Hi Luke - Sorry you're experiencing trouble.
I've spent a while looking at this. Sliders generally work by loading all of the slides into the DOM, and then showing them one at a time, using JS to show/hide sections as relevant. In the case of Make, the slide markup is built in such a way that the slides are visible, and then they are hidden with JS. Because the relevant JS doesn't fire until the DOM is completely built (document.ready), there can be a slight flicker when the page is not loaded from your browser cache.
I assume that the logic behind this decision was that the slider will degrade "gracefully" when JavaScript is disabled.

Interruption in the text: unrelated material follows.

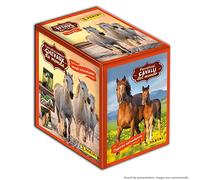 Panini Les Plus Beaux Chevaux du Monde Boite de 36 Pochettes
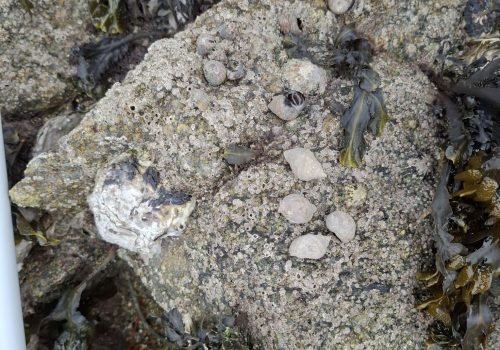 WhatsApp-Image-2026-04-02-at-09.20.08-2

I put "gracefully" in scare quotes because the slides will, in fact, all appear at the same time, one over the other, so that you have to scroll way down to get to the rest of your page content. This is probably the safe route when building a theme for mass consumption - people may put critical site information in those slides, and it's critical that it's seen by those without JS - but in your case it doesn't make a ton of sense.
For your use case, a better solution is probably this: the first slide should be visible by default, while the rest should be hidden by default. The no-js fallback is that only a single slide is visible. I've implemented this right now on the Commons so that you can see what you think.
Even after this change, there was still a flicker, because the banner element doesn't have a height until the images inside of it have been fully loaded; this means that the paragraphs below ("Thank you for visiting the site...") would briefly show up a few hundred pixels higher than they ought to, before flowing into their proper position. Again, this is a byproduct of the fact that Make is a builder theme meant for general use: page sections need to have dynamic height, and need to flow organically. But since we know that your banner elements are always the same height, we can give the parent an explicit height so that the browser doesn't have to redraw after the banner images are loaded. I've added this bit (height: 415px) to your custom CSS https://tlc.commons.gc.cuny.edu/wp-admin/themes.php?page=custom-user-css%2Fcustom_user_css.php
With these two fixes, I'm no longer getting any flicker, but I've also reloaded the page about 600 times, so my eyes are a bit glazed over. Let me know if it's working for you.